For purposes hereof, the term "dividends" shall include any pro rata
distribution by the Company, out of funds of the Company legally available
therefor, of cash, property, securities (including, but not limited to, rights,
warrants or options) or other property or assets to the holders of the Common
Stock, whether or not paid out of capital, surplus or earnings other than
liquidation.

          (c) Prior to declaring any dividend or making any distribution on or
with respect to shares of Common Stock, the Company shall take all prior
corporate action necessary to authorize the issuance of any securities payable
as the Dilution Fee in respect of the Warrant.

11.  MISCELLANEOUS

          11.1 No Implied Waivers. No failure or delay by any party in
exercising any right, power or privilege hereunder shall operate as a waiver
thereof nor shall any single or partial exercise thereof preclude any other or
further exercise thereof or the exercise of any other right, power or privilege.
The rights and remedies herein provided shall be cumulative and not exclusive of
any rights or remedies provided by law.

          11.2 Notices. All notices, requests, consents and other communications
required or permitted hereunder shall be in writing and shall be hand delivered
or mailed postage


                                       20



prepaid by registered or certified mail or transmitted by facsimile transmission
(with immediate telephonic confirmation thereafter), (a) If to the Holder:

                    Silver Point Capital
                    Two Greenwich Plaza
                    Greenwich, CT 06830
                    Attn.: Jennifer Poccia
                    Voice: 203-542-4438
                    Email: jpoccia@silverpointcapital.com

               with a copy to (which shall not constitute notice):

                    Skadden, Arps, Slate, Meagher & Flom LLP
                    333 West Wacker Drive
                    Suite 2100
                    Chicago, IL 60606
                    Attn.: Seth E. Jacobson
                           L. Byron Vance III
                    Voice: 312-407-0700
                    Fax: 312-407-0411

               or   (b) If to the Company:

                    NaviSite, Inc.
                    400 Minuteman Road
                    Andover, MA 01810
                    Attn.: James W. Pluntze
                    Voice: (978) 946-7915
                    Fax: (978) 946-7803

               with a copy to (which shall not constitute notice):

                    BRL Law Group LLC
                    31 St. James Avenue, Suite 850
                    Boston, MA 02116
                    Attention: Thomas B. Rosedale
                    Voice: (617) 399-6935
                    Fax: (617) 399-6930

          or at such other address as the parties each may specify by written
          notice to the others, and each such notice, request, consent and other
          communication shall for all purposes of the Warrant be treated as
          being effective or having been given when delivered if delivered
          personally, upon receipt of facsimile confirmation if transmitted by
          facsimile, or, if sent by mail, at the earlier of its receipt or 72
          hours after the same has been deposited in a regularly


                                       21



          maintained receptacle for the deposit of United States mail, addressed
          and postage prepaid as aforesaid.
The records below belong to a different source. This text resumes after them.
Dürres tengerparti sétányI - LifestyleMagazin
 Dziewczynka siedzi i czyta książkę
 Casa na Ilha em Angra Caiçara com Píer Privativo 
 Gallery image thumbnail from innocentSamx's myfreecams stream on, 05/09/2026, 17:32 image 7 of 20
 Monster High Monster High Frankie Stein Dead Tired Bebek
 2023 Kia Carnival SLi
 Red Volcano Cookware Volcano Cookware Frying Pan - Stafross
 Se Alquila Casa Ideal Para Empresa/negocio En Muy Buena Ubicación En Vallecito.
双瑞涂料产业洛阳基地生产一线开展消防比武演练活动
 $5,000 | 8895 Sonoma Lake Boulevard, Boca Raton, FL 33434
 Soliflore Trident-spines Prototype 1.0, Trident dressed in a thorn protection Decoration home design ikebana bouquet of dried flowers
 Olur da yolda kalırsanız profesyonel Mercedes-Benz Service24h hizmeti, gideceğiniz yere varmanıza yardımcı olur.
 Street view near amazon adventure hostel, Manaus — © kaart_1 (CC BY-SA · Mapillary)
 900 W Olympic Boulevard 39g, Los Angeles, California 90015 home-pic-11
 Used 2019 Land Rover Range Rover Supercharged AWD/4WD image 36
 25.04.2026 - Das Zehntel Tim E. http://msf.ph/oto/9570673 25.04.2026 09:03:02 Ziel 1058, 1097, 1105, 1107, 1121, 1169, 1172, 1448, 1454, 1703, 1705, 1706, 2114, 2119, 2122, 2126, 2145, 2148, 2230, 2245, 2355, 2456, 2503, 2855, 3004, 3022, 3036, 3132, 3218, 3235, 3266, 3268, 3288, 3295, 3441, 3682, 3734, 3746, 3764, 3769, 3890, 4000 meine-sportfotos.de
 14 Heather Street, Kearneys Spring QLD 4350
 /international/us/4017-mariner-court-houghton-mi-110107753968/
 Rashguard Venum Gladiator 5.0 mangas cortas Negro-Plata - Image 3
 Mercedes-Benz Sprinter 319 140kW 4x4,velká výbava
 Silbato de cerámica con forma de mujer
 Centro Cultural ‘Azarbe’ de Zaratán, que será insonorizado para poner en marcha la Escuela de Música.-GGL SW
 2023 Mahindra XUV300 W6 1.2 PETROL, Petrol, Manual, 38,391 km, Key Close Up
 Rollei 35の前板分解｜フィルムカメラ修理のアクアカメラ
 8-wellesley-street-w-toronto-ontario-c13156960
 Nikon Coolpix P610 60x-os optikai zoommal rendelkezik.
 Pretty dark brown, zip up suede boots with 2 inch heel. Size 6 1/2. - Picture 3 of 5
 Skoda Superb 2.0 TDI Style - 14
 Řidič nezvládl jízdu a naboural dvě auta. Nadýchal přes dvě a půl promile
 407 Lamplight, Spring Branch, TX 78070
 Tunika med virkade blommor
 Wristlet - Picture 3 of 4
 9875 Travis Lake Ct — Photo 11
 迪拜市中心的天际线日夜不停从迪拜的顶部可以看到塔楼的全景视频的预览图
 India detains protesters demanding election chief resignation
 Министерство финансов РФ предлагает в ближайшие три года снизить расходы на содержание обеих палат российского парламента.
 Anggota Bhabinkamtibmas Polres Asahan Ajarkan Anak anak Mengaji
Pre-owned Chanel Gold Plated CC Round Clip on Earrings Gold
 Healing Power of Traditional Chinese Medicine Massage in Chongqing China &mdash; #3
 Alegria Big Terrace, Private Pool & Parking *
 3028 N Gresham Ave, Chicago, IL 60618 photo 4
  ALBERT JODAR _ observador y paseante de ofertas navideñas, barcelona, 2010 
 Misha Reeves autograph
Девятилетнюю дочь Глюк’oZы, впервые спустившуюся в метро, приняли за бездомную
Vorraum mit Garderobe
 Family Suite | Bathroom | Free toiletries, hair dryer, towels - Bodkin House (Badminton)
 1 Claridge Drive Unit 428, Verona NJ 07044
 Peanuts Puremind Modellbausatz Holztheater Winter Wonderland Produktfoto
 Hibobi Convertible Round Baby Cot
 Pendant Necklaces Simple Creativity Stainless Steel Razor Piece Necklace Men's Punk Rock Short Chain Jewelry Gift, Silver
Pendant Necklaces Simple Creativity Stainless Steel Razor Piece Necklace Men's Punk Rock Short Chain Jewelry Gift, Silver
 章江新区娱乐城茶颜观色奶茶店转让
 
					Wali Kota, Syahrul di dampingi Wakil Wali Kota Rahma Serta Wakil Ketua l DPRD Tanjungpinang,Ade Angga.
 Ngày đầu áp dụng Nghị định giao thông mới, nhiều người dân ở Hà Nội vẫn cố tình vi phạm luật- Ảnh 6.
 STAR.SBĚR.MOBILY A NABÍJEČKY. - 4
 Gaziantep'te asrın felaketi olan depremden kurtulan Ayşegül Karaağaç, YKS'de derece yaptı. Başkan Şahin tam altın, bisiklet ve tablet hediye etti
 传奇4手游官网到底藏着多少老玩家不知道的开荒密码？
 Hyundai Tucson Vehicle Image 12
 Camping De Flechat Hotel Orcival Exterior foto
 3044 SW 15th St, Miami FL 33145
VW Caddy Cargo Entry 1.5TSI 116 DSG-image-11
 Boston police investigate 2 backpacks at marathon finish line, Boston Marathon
          11.3 Indemnification. If the Company fails to make, when due, any
payments provided for in this Warrant, the Company shall pay to the Holder
hereof (a) interest at the Agreed Rate on any amounts due and owing to such
Holder and (b) such further amounts as shall be sufficient to cover any costs
and expenses including, but not limited to, reasonable attorneys' fees and
expenses incurred by such Holder in collecting any amounts due hereunder. The
Company shall indemnify, save and hold harmless the Holder hereof and the
Holders of any Warrant Stock issued upon the exercise hereof from and against
any and all liability, loss, cost, damage, reasonable attorneys' and
accountants' fees and expenses, court costs and all other out-of-pocket expenses
incurred in connection with or arising from any default hereunder by the Company
or the enforcement of its rights hereunder as against the Company. This
indemnification provision shall be in addition to the rights of such Holder or
Holders to bring an action against the Company for breach of contract based on
such default hereunder.

          11.4 Limitation of Liability. No provision hereof, in the absence of
affirmative action by the Holder to purchase shares of Warrant Stock, and no
enumeration herein of the rights or privileges of the Holder hereof, shall give
rise to any liability of such Holder to pay the Exercise Price for any Warrant
Stock other than pursuant to an exercise of this Warrant or any liability as a
stockholder of the Company, whether such liability is asserted by the Company or
by creditors of the Company. The Holder shall not, by virtue hereof, be entitled
to any rights of a stockholder of the Company and nothing contained in this
Warrant shall be construed as conferring upon the Holder the right to vote or to
consent or to receive notice as a stockholder in respect of meetings of
stockholders for the election of directors of the Company or any other matters
or any rights whatsoever as a stockholder of the Company.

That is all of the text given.